• **Exercise prompt**
Would you return, word for word, the lines of the data below from the line with "Camiseta Campeona de" through the line with "24X36 Marvel Comics", and no others?

======== Working data

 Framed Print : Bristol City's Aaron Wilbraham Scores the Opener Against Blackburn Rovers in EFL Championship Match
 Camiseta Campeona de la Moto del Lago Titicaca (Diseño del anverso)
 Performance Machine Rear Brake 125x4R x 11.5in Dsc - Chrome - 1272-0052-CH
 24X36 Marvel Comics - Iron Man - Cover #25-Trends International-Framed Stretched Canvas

================
======== Working data

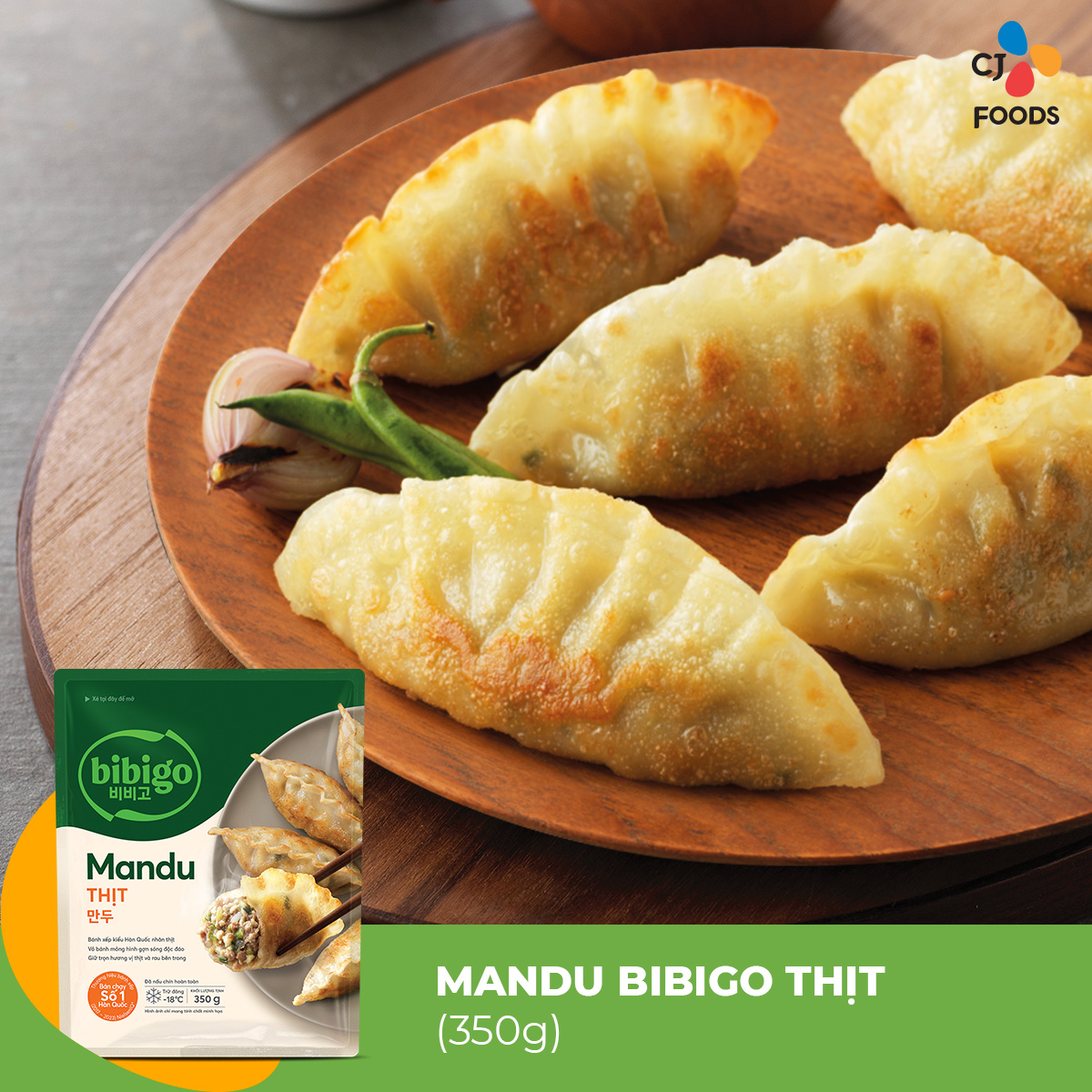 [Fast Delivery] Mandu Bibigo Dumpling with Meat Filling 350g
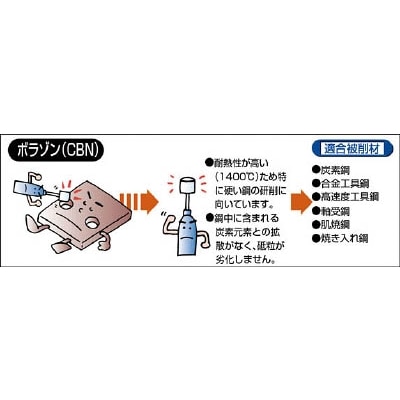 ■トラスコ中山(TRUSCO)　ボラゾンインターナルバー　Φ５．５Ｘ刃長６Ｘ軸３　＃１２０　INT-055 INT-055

================

• **Solution for this problem**
 Camiseta Campeona de la Moto del Lago Titicaca (Diseño del anverso)
 Performance Machine Rear Brake 125x4R x 11.5in Dsc - Chrome - 1272-0052-CH
 24X36 Marvel Comics - Iron Man - Cover #25-Trends International-Framed Stretched Canvas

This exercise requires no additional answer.